Custom model and data for DeepSpeed-Chat training

This article will demonstrate how to use pre-trained models other than facebook opt in the DS-Chat code, and how to prepare and use custom data for model training in order to train large-scale models for specific domains or applications.

Video address: DeepSpeed-Chat uses its own model and data training ChatGPT model_哔哩哔哩_bilibili

The main contents of this chapter include the following points:

  • Introduction to experiment settings: We will introduce the settings of this experiment, and introduce the reasons for this choice, hoping to provide you with a reference for AI technology learning.

  • How to replace the model: We will introduce how to replace the pre-trained model used in DS-Chat and how to integrate your own pre-trained model into DS-Chat.

  • How to prepare data and replace data: We will introduce how to prepare your own data set, including the data format required for model training, data format conversion, etc. And how to use your own data set in DS-Chat model training.

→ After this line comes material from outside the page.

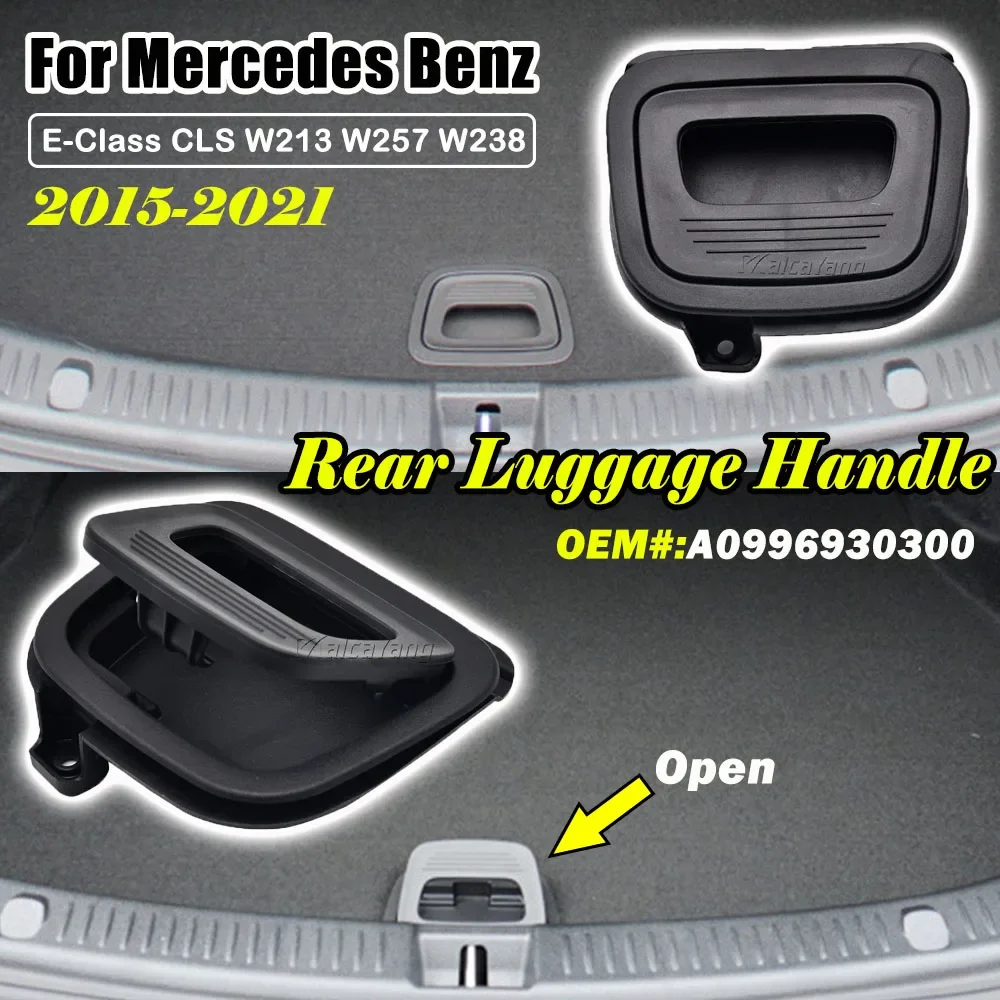 Car Trunk Mat Floor Handle Cover For Mercedes Benz E Class CLS W213 W238 W257 201-2021 Rear Luggage Handle Black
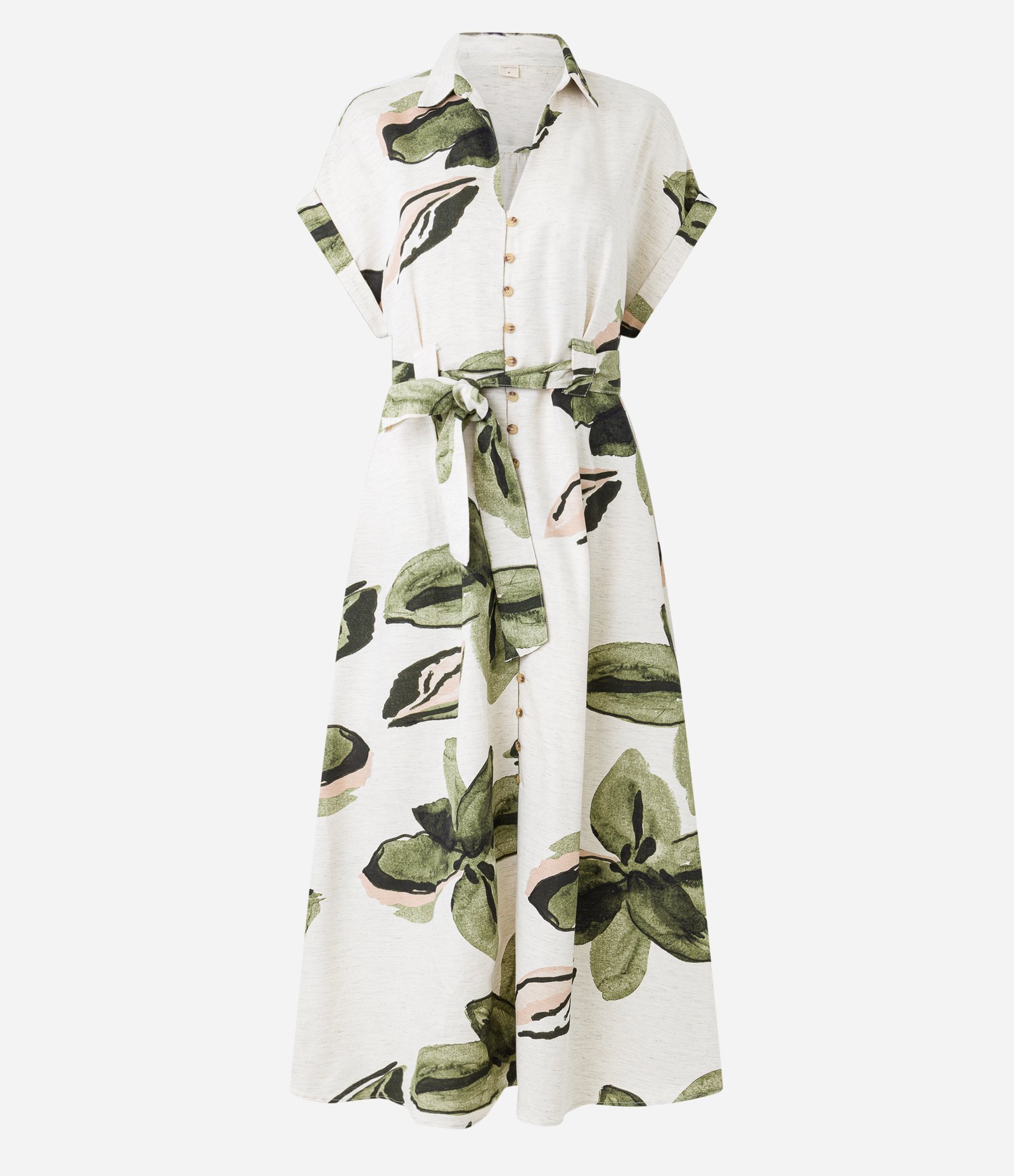 Vestido Chemise em Tricoline com Amarração e Estampa Floral Off White 7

I hope the above content can help you better understand how to use different models and data sets in DS-Chat, so as to train a large-scale model that is more suitable for your specific application scenarios.

Now, many models and public data in the NLP field can be found on Huggingface, and the DS-Chat tool also uses models and data from Huggingface. Therefore, the content of this chapter is mainly based on the model and data of Huggingface.

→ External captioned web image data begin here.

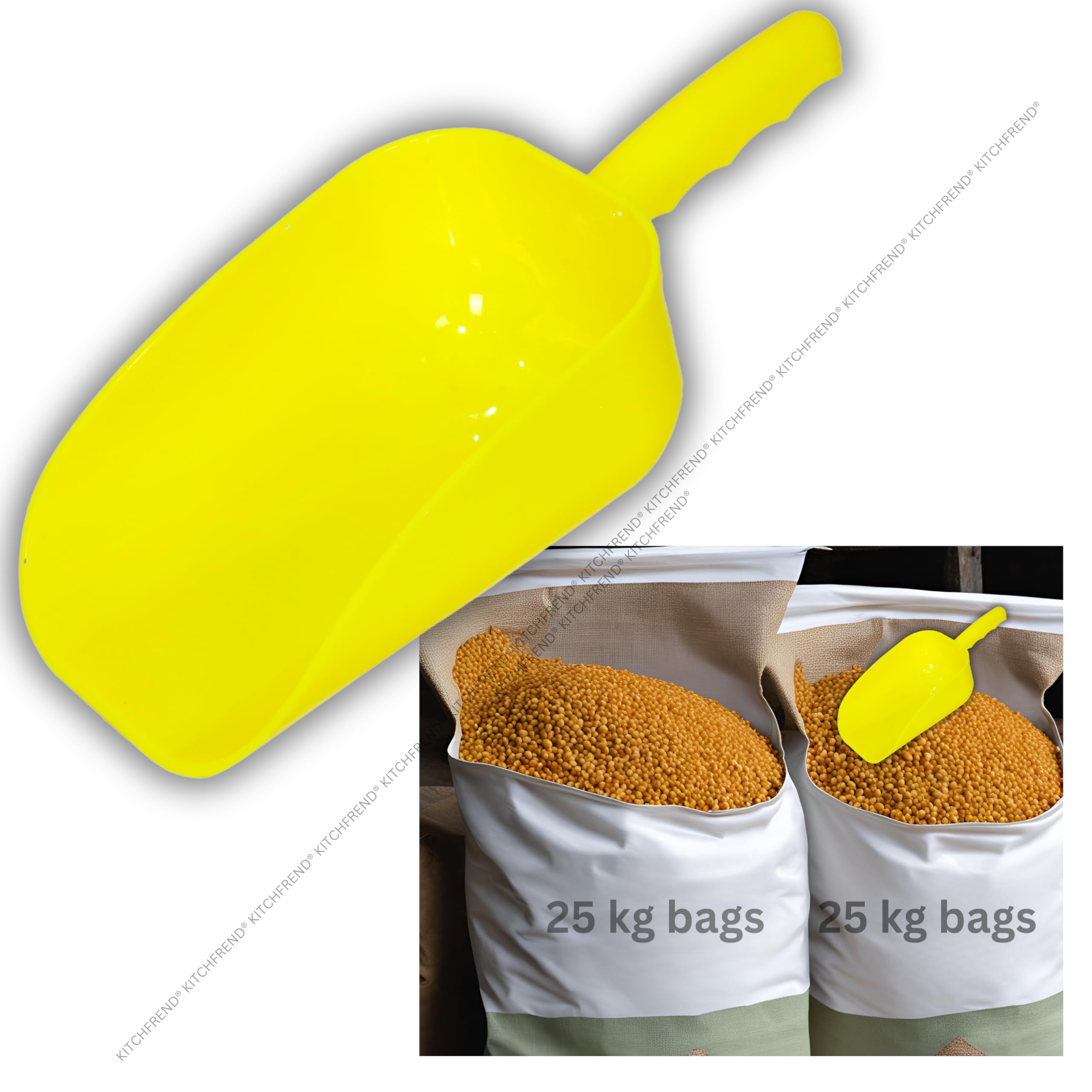 KITCHFREND 1kg Capacity Big Size Plastic Scoop, Multipurpose Flour Scoop - Yellow Plastic for Kirana Stores, Ideal for Shopkeepers, Manufacturers, Kitchen Use, Grocery Shop Accessories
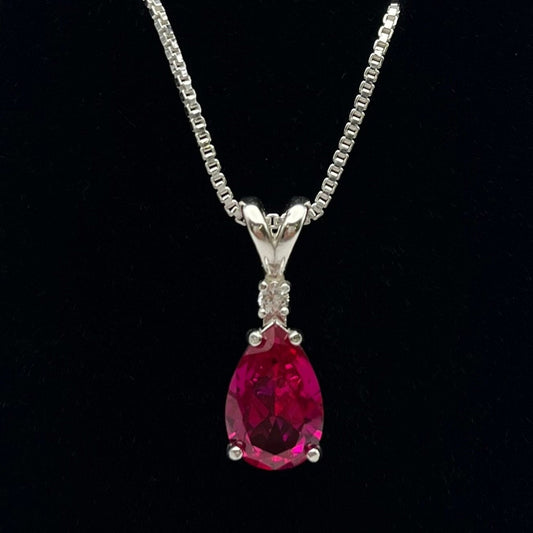 Beautiful 4.5ct Ruby & White Sapphire Sterling Silver Pendant Necklace Pear Cut Ruby Necklace teardrop July Gift ladies jewelry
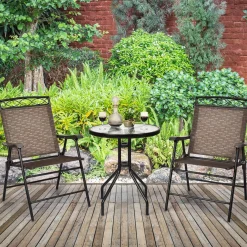 3 Pieces Patio Bistro Set, Outdoor Folding Chairs & Table Set with Tempered Glass Tabletop & Umbrella Hole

1 Experimental setup: model and data

【Watch the video explanation】

The experiments in this chapter are mainly set up with reference to LLMZoo.
GitHub - FreedomIntelligence/LLMZoo: ⚡LLM Zoo is a project that provides data, models, and evaluation benchmark for large language models.⚡

1.1 Why choose this model?

There are two main reasons for choosing this model:

  • The model and data are both public and relevant articles are available for reference.
  • This model (Phoenix-inst-chat-7b) performs very well on Chinese data.

The openness of the model and data, as well as the introduction of related articles, can help us maximize the performance of the public model, making it easier for us to confirm whether our operations are correct.

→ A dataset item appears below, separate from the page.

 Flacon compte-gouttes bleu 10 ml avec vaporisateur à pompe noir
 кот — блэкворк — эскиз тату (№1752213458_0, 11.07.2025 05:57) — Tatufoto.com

At the time of the production of this video, the 7B-scale Phoenix-inst-chat-7b model performs very well on Chinese data. The following are the evaluation results of the authors. It can be seen that although there is a certain gap with super-large models such as ChatGPT and Baidu-Wenxin, its performance is still very good in the model with a parameter scale of 7B. Although the performance of ChatGLM with 6B parameters seems to be better, its training data is not made public.

Students with conditions can learn the training skills of large models with the goal of reproducing this model.

The following table is the evaluation of the model by GPT-4

Model Ratio
Phoenix-inst-chat-7b vs. ChatGPT 85.2%
Phoenix-inst-chat-7b vs. ChatGLM-6b 94.6%
Phoenix-inst-chat-7b vs. Baidu-Wenxin 96.8%
Phoenix-inst-chat-7b vs. MOSS-moon-003-sft 109.7%
Phoenix-inst-chat-7b vs. BELLE-7b-2m 122.7%
Phoenix-inst-chat-7b vs. Chinese-Alpaca-7b 135.3%
Phoenix-inst-chat-7b vs. Chinese-Alpaca-13b 125.2%

The following are the results of human evaluation

Model win tie lose
Phoenix vs. ChatGPT 12 35 53
Phoenix vs. ChatGLM-6b 36 11 53
Phoenix vs. Baidu-Wenxin 29 25 46
Phoenix vs. BELLE-7b-2m 55 31 14
Phoenix vs. Chinese-Alpaca-13b 56 31 13

1.2 Pre-trained model

There are currently two types of models released in LLMZoo. Our main reference is the Chinese-biased Phoenix-inst-chat-7b model. The pre-training model used for training this model is: BLOOMZ-7b1-mt. Although this 7B model is much smaller than the current OpenAI model, it is still a very large model. To train this model requires dozens of GPUs for training.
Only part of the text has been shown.